For purposes of this section, the term anything of value includes all in-kind contributions. Unless specifically exempted…the provision of any goods or services without charge or at a charge that is less than the usual and normal charge for such goods or services is a contribution….If goods or services are provided at less than the usual and normal charge, the amount of the in-kind contribution is the difference between the usual and normal charge for the goods or services at the time of the contribution and the amount charged the political committee.

Note that anything of value includes all in-kind contributions unless explicitly exempted. No exemption appears anywhere in the law for an item for which the comparable commercial value is difficult to compute. It certainly matters whether an item is purchased in the market if it is provided at less than the market price. Then, and only in that case, does the market charge, as a more exacting inquiry, become relevant to the campaign finance analysis. The regulation draws a difference between those goods or services offered without charge, and those provided at a charge less than the usual and normal price. In the Trump campaign case, no one is arguing that the campaign sought or the Russians offered discounted services. They offered free services and, if delivered in the form of an opposition research packet, goods; and by definition they would have made a contribution.

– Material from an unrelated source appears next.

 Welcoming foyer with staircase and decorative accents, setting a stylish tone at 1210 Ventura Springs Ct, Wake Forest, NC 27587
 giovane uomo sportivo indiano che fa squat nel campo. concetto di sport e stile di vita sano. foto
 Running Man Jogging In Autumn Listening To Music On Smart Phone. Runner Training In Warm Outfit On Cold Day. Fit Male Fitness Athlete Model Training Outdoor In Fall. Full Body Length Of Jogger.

Commentators who doubt legal liability based on soliciting or accepting a “thing of value” also mistakenly find solace in the language in the three-judge district court decision in Bluman, affirmed by the Supreme Court. The court there referred to the prohibition on foreign national money in U.S. elections. Of course, it did. The case was only about money contributions that two foreign nationals proposed to make to candidates. The court never suggested–nor would the opinion be consistent with the notion–that the same foreign nationals could simply give something “in kind,” by purchasing goods or services and just providing them to their favored campaigns.  At the very outset of the opinion, the court cites the full statute with its reference to a “thing of value,” and it does not at that point or elsewhere register any intention to read out of the law this category of campaign support.

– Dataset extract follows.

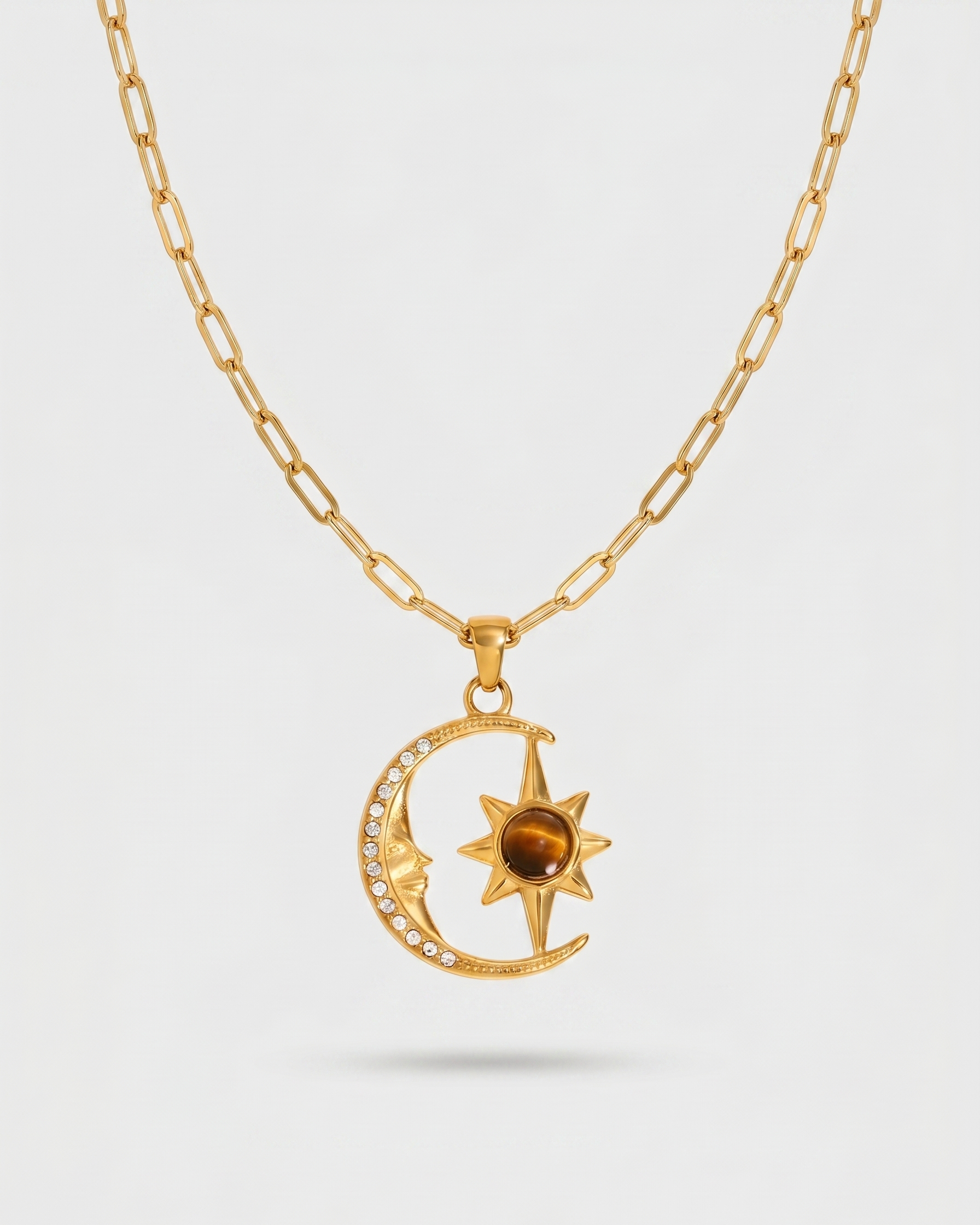 Gold necklace with a moon and star pendant on a light gray background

It is at any rate curious to think of a “thing of value” without linking it to the spending of money.  For example, information does not typically materialize out of nowhere.  Resources are needed to investigate, uncover, and compile “very high level and sensitive” information or “opposition research” of the type the Russians offered to supply the Trump campaign. Someone must find and compile it, and that person is usually on a payroll.  The delivery of the material generates costs that have to be covered. We do not know whether the Russian lawyer who met with the Trump campaign team was paid for her time, but we do know that she flew to the U.S. from Moscow and had expenses, including lodging in New York.  Someone paid those costs as well. Are those expenses and the funds paid to defray them somehow severable from the “information” she was delivering?

Finally, it is peculiar to argue that a campaign finance statute can be sensibly crafted without reaching  any “thing of value.”  The omission would make enforcement hard work, if not largely a joke. The Supreme Court has repeatedly upheld the government’s authority to block “circumvention” of constitutionally imposed restrictions on campaign finance.  On run-of-the-mill issues involving only US political actions, it is a standing regulatory preoccupation to spot and close the colloquial term for circumvention–the storied “loopholes.” Reformers always complain that not enough has been done to close them. Yet some commentators seem to assume that the foreign national ban can somehow serve its intended purpose–protecting the integrity of elections–even if  it is sharply narrowed to apply only to the most conventional, straightforward forms of financial outlays.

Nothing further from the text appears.